Costello used other employees’ ID codes to avoid detection as he accessed White Sox Ticketmaster computers. He eventually recruited O’Neil to help with the scheme.

Schneider said O’Neil lied to FBI agents investigating the scam in March 2019, telling them he’d never given tickets to Lee without the knowledge and consent of the White Sox.

Lee allegedly sold 6,323 of the tickets during the 2016 baseball season, 17,408 during the 2017 season, 11,115 during the 2018 season and 30 in the run-up to the 2019 season. He sold the tickets exclusively on StubHub, below face value, because he thought that would conceal the source of the tickets, according to the indictment.
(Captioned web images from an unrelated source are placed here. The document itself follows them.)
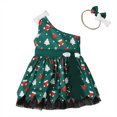 thumbnail image 1 of Odeerbi Toddler Girls Christmas One Shoulder Dresses Cute Tulle Patchwork Irregular Hem Dress Kids Sleeveless Snowflake Print Dress with Headband Set Toddler Girls Clothes, 1 of 9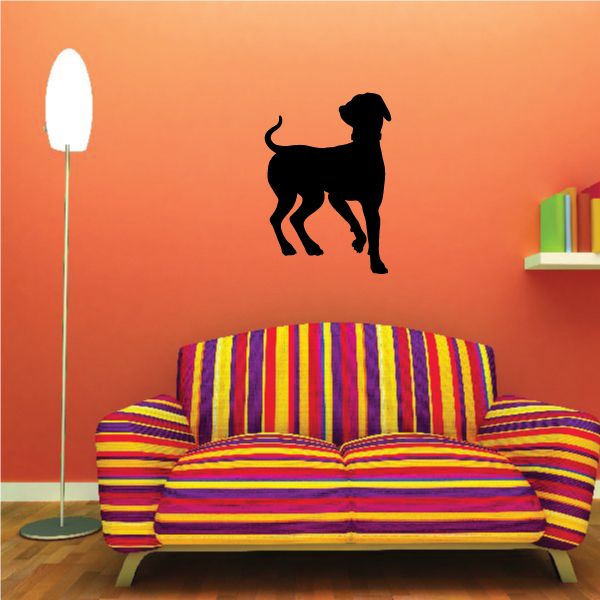 Black alert coonhound dog decal silhouette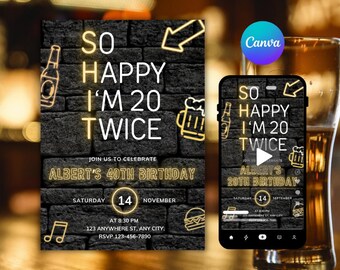 Può includere: Un invito digitale per una festa del 40° compleanno. Il design presenta uno sfondo di muro di mattoni con illustrazioni in stile neon di una bottiglia di birra, un boccale di birra e una freccia. Il testo recita "So Happy I'm 20 Twice".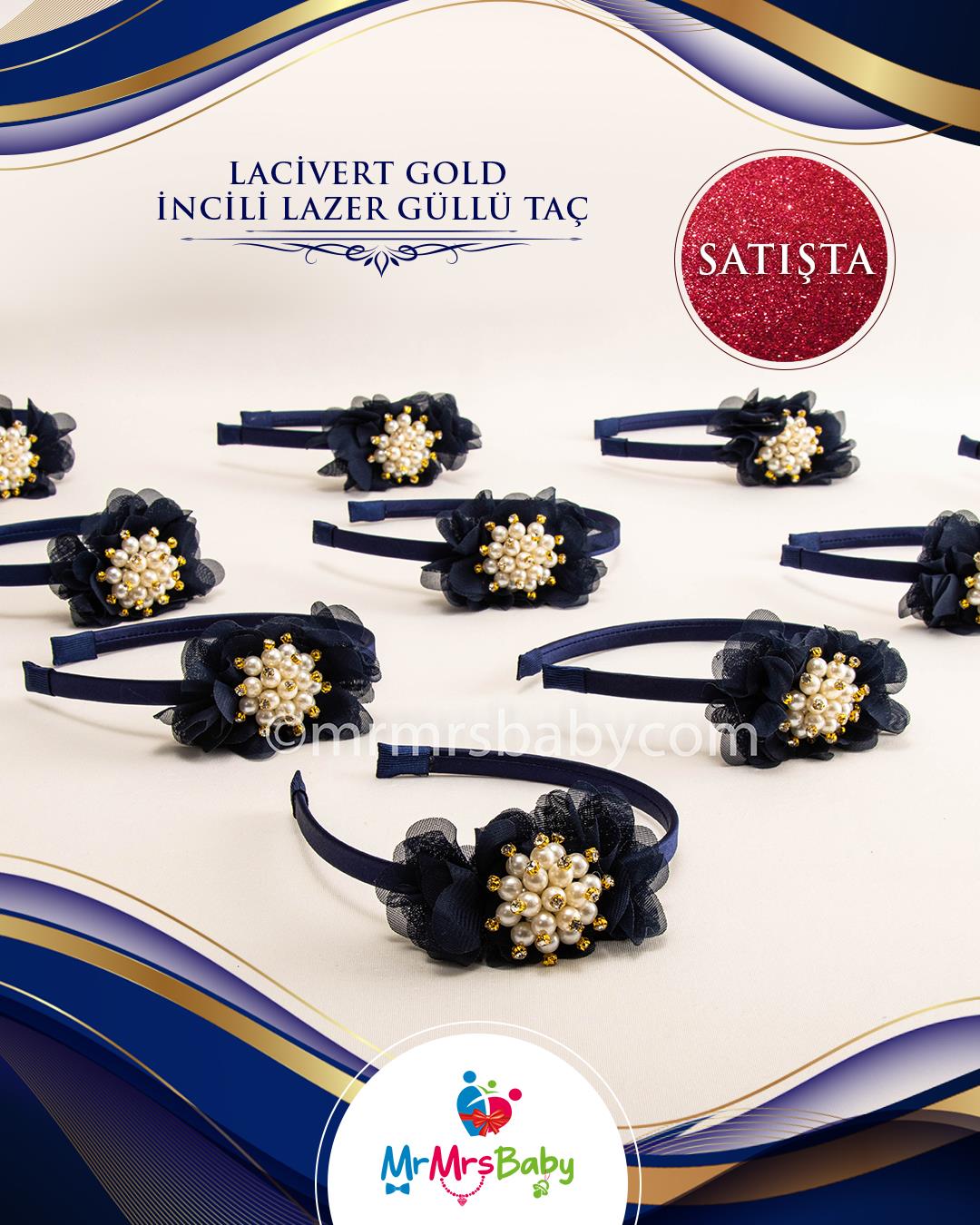 Lacivert Gold İncili Çiçekli Nedime Tacı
However, court records that became public last October show a White Sox senior vice president approached the FBI in October 2018 to report Lee. The Sox’s data analytics team had flagged him as a StubHub seller who had “sold more White Sox tickets than anyone else by a substantial margin.”

They also determined that more than 96 percent of his ticket sales involved complimentary vouchers, which go to friends and family of the players, youth groups, commercial sponsors and others — and are not meant for sale.

Pointing to the 11,000 tickets Lee allegedly sold during the 2018 season, the agent noted that the next most successful three sellers on StubHub sold just 129, 113 and 108 tickets, respectively.

The White Sox analytics team also “advised that it appears the White Sox employee or employees” were working with Lee.

For example, an affidavit said Lee sold 500 tickets to the Major League Baseball debut of rookie pitcher Michael Kopech in August 2018. The White Sox senior vice president thought such ticket sales “could not have happened without a White Sox employee providing inside assistance.”